**** AVAILABLE DATA

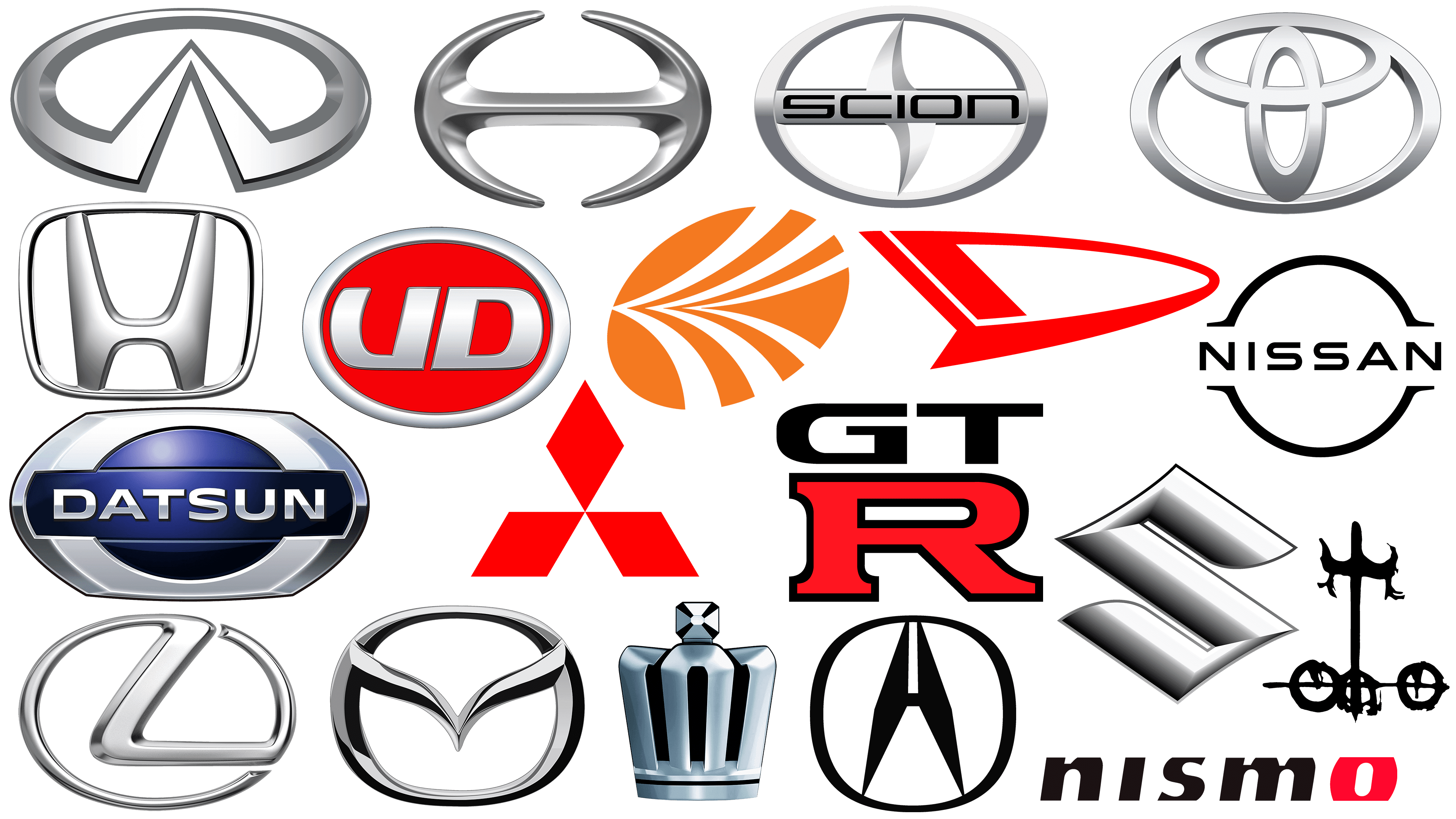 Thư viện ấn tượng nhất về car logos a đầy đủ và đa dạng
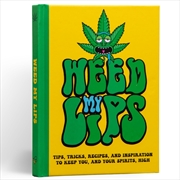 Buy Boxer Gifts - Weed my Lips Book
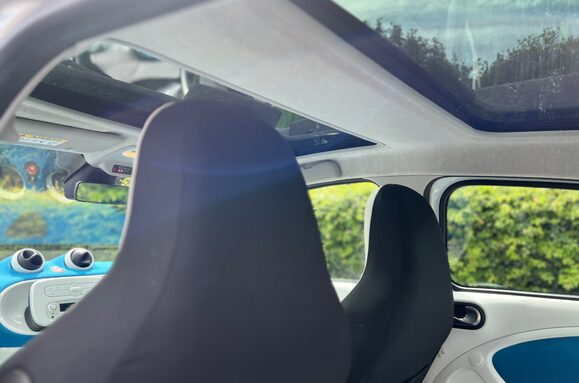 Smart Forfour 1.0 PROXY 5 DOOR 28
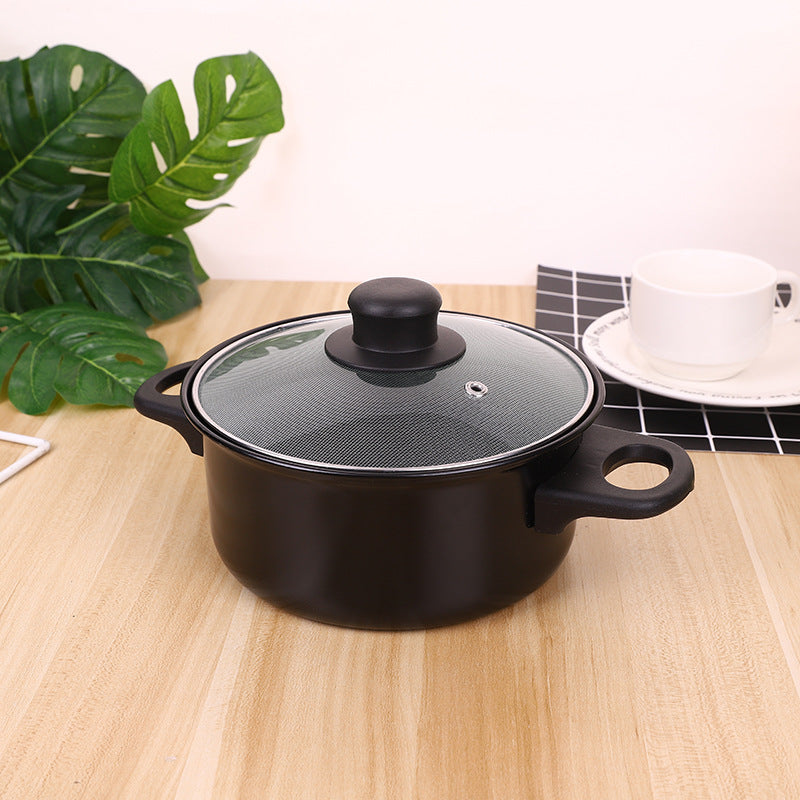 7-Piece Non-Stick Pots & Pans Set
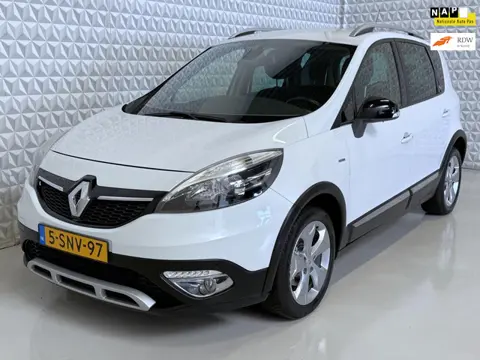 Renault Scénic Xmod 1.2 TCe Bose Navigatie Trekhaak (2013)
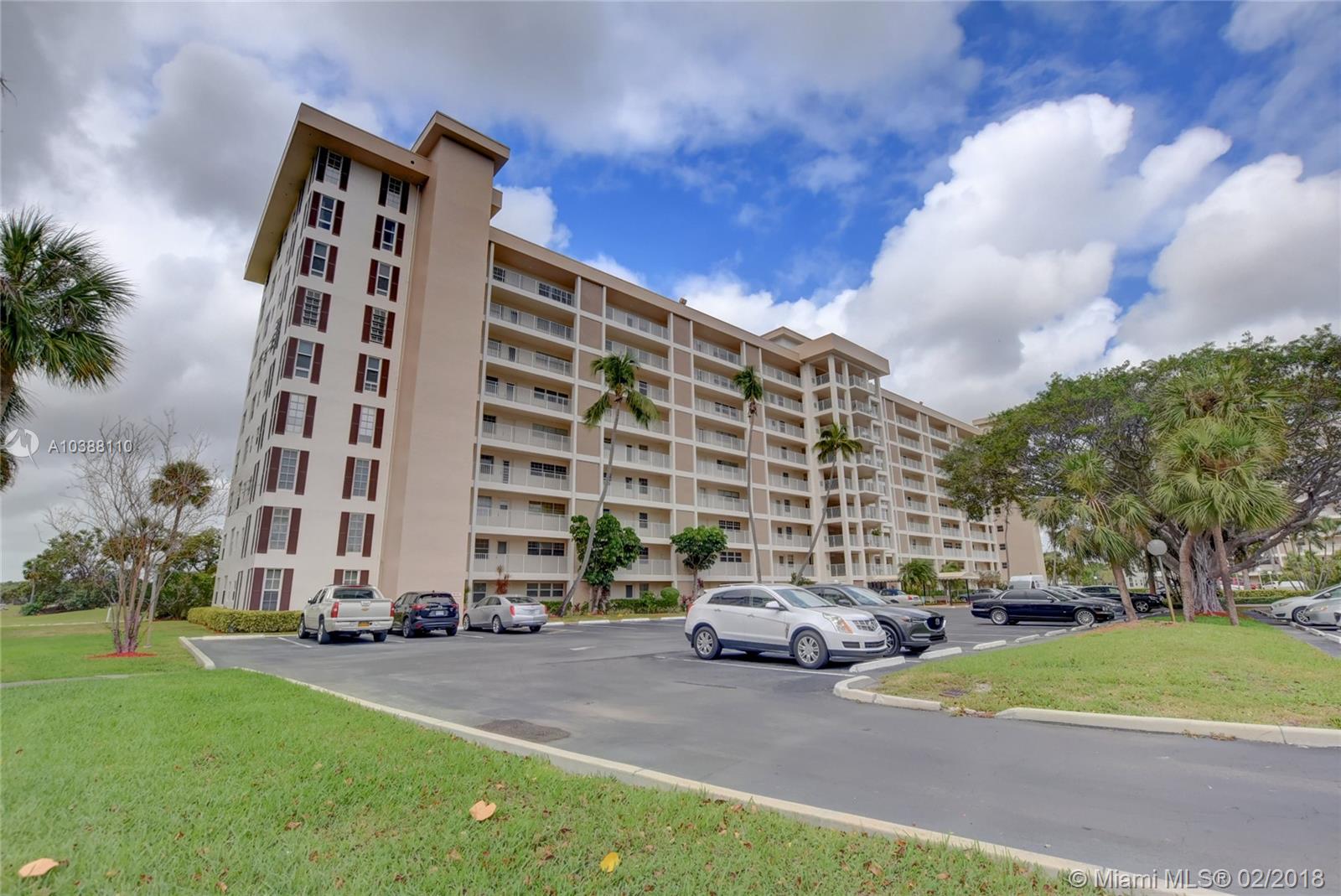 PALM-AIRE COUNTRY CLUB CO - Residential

********
**** AVAILABLE DATA

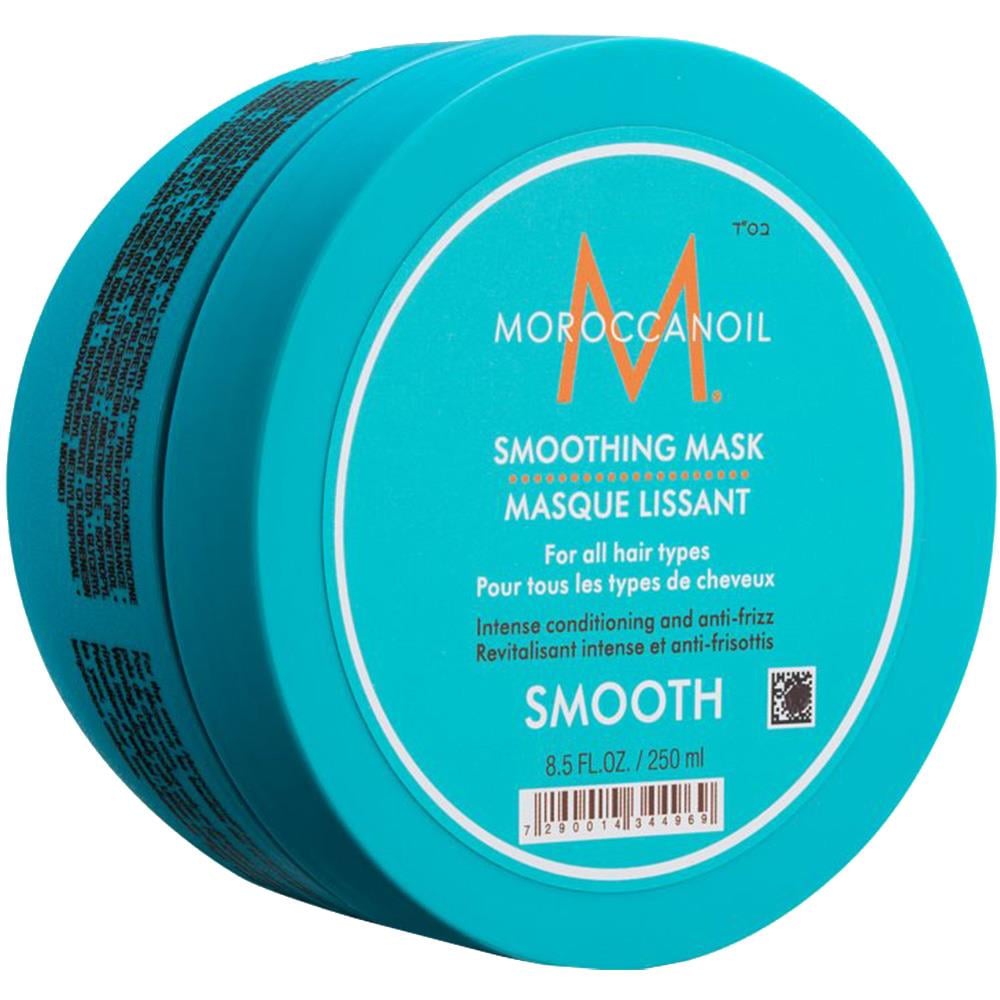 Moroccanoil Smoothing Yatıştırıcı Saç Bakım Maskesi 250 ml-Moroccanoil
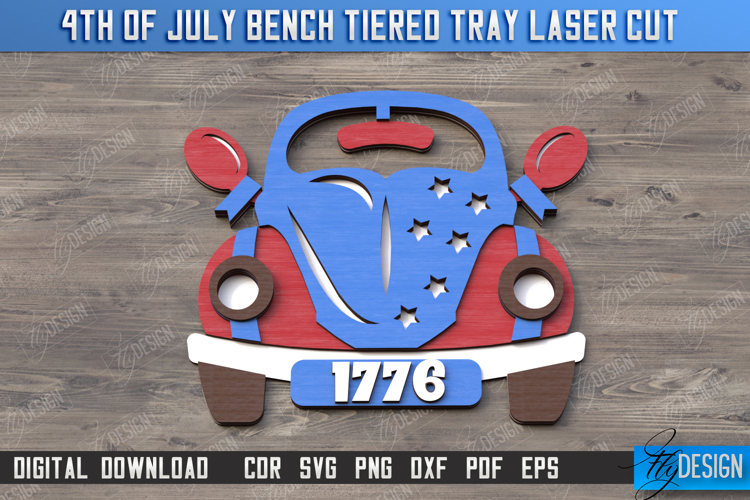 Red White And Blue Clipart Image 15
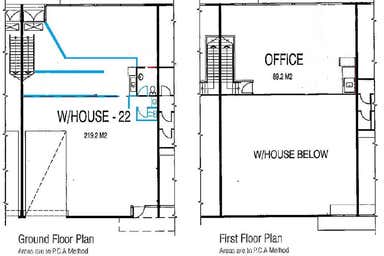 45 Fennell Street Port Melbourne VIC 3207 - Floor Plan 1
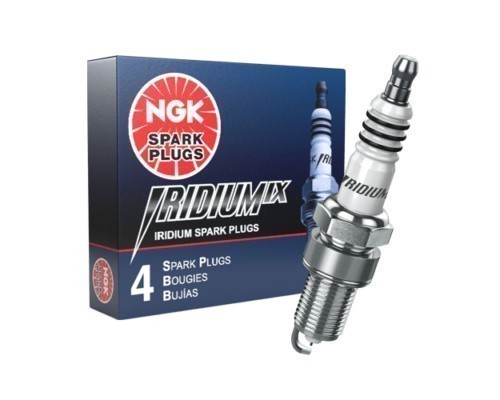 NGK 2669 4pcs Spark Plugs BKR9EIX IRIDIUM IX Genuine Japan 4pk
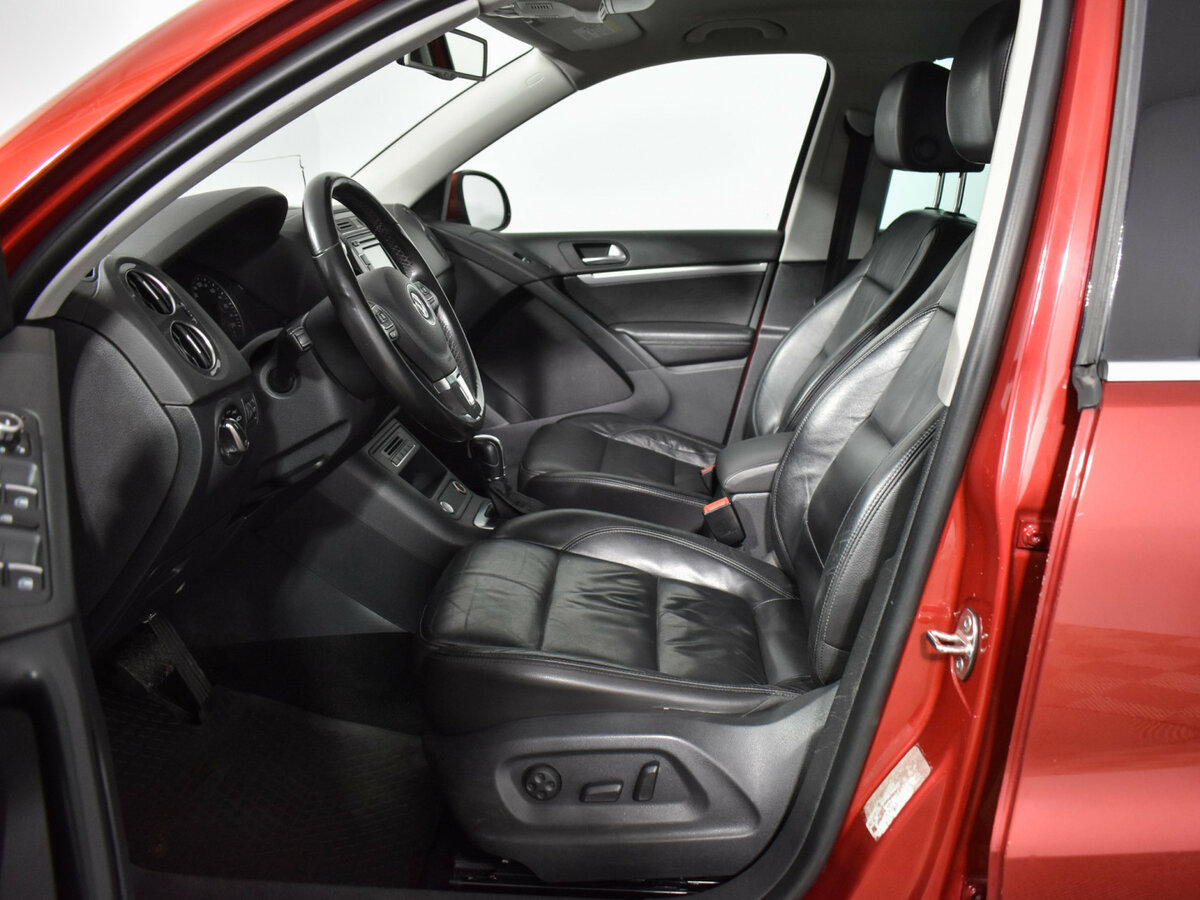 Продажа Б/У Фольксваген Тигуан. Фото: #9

********

• [WHAT YOU SHOULD DO] What you return must match the lines above from the one with "Red White And Blue Clipart Image 15" through the one with "Продажа Б/У Фольксваген Тигуан. Фото: #9" exactly, with both ends included and the pictures excluded.

• [REPLY TO THE TASK]
 Red White And Blue Clipart Image 15
 45 Fennell Street Port Melbourne VIC 3207 - Floor Plan 1
 NGK 2669 4pcs Spark Plugs BKR9EIX IRIDIUM IX Genuine Japan 4pk
 Продажа Б/У Фольксваген Тигуан. Фото: #9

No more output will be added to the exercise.